Breaking sad: why we mourn the loss of our TV friends in the same way as real ones

When a TV series ends it feels like losing an old friend. Borgen bestie Birgitte is already gone, now we have to carry on without Carrie, too
19 December 2013

It is one of the stranger symptoms of metropolitan life. Many of us, reluctantly or otherwise, spend more time with our favourite TV screw-ups than we do with our dearest friends.

Take Carrie Mathison from Homeland. All over the place. Attachment issues. Always banging on about al Qaeda or whatever. You bitch about her the whole time behind her back.

But she’s always there for you, isn’t she? Same time, same place each week. She doesn’t live in an obscure bit of Battersea that means you have to get a bus.
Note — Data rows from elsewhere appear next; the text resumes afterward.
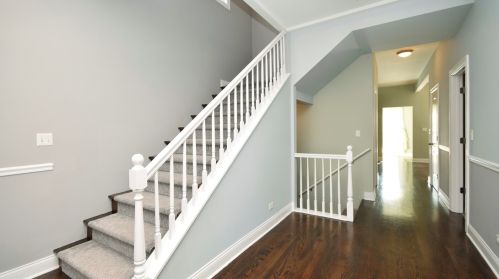 5149 Grace St, Chicago IL 60613-3904 exterior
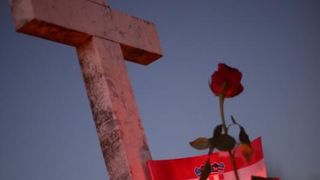 Vukovar: Lampioni osvjetljavaju 938 bijelih križeva na Memorijalnom groblju. Foto: Grgur Žućko/PIXSELL Vukovar: Lampioni osvjetljavaju 938 bijelih križeva na Memorijalnom groblju. Foto: Grgur Žućko/PIXSELL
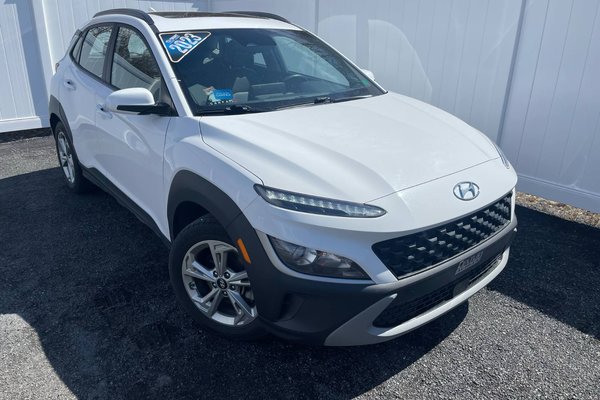2023 Hyundai Kona Preferred | Leather | SunFoof | Warranty to 2028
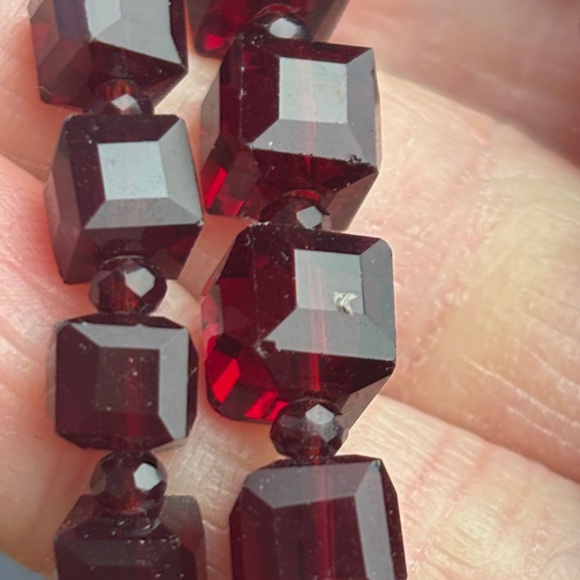 SAACHI Deep Ruby Red Layered Crystal Glass Necklace - Picture 15 of 15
She doesn’t cancel last minute because her boss is being a dick (Saul? Never!).

In fact, if you can bear the INCREDIBLY IRRITATING adverts on 4oD, she’ll even make herself available at your convenience. She’s a ledge like that, Cazza. It may be a relationship of convenience rather than a relationship of choice — but so often, these are the ones we rely on.

And when they leave our lives, as they surely must, it is all the harder to take.

Just like that nice Danish lady Birgitte Nyborg did last week, when Borgen ended, never to begin again. Or Breaking Bad before that. Soon you find yourself scrolling through your contacts with a vague plan to head over to Jesse Pinkman’s yard for a couple of bongs and a game of air hockey … until you realise that JESSE PINKMAN IS NOT REAL, you never had his number in the first place and Albuquerque is even more of a mish than Battersea.

Recently, a group of academics in America concluded a decade-long study that suggests we grieve for our lost TV friends in much the same way that we would our actual friends if they died. Perhaps overstating the case? It also sounds like a craven attempt to generate publicity from a spurious pop cultural premise, so I won’t embarrass the university by mentioning it by name, but still, the fact that any academic thought has gone into this suggests all is not lost.

Instead of a “bunch of people who like watching The Sopranos”, we are a “consumption collective”, apparently — a group of people defined by a common point of contact. “Our research contributes to understanding of what happens to a consumer collective when the focus of the community is extinguished,” said the leader of the study. “In the end, consumption sociality may itself be a victim of brand loss.”

He means, I think, that once our favourite programme ends, what we miss is less the drama itself than the rituals that surround it. With Homeland, whose third series ends this Sunday, it means that we will no longer spend Sunday nights having fitful torture dreams and arrive to work on Monday morning ready to discuss the ramifications of Iranian facial hair.

With Borgen, we no longer have any contact with that strange alter-universe in Copenhagen, where MPs are noble and even conscience-driven. (The delightful actress Birgitte Hjort Sørensen is currently appearing in Coriolanus at the Donmar Warehouse, by way of consolation). How will political commentators cope?

With Breaking Bad, I miss the steady wrench of the plot — but I also miss those time-honoured BB rituals. The in-depth discussions of Walter White’s moral deterioration. The Monday night Netflix sessions at our friends’ place. The conspiracy theories that abounded on the internet.

Still, surely the main reason we mourn the loss of our TV heroes lies in the form and scope of the new, HBO model of series. By the time The Wire had ended, I’d invested something like 60 hours deciphering the street speak of Baltimore. That’s roughly as long as it would take to read Bleak House. It was also one of the first series to devote as much time to character development as it did to plot.

Indeed, the great series from the present Golden Age of TV are all built around one (or many) flawed and complex characters: Tony Soprano, Walter White, Don Draper, Sarah Lund, Hannah Horvath. They have far more nuances, flaws and contradictions than you could ever manage in a film character. It’s why the death of a Stringer Bell or an Omar is quite so gut-wrenching.

I suppose that means you can console yourself: feelings of character-loss are a symptom of having really excellent TV to watch. No one ever went into mourning when Lovejoy was cancelled. And there’s always that Game of Thrones box set if you’re still not over Carrie come the NY.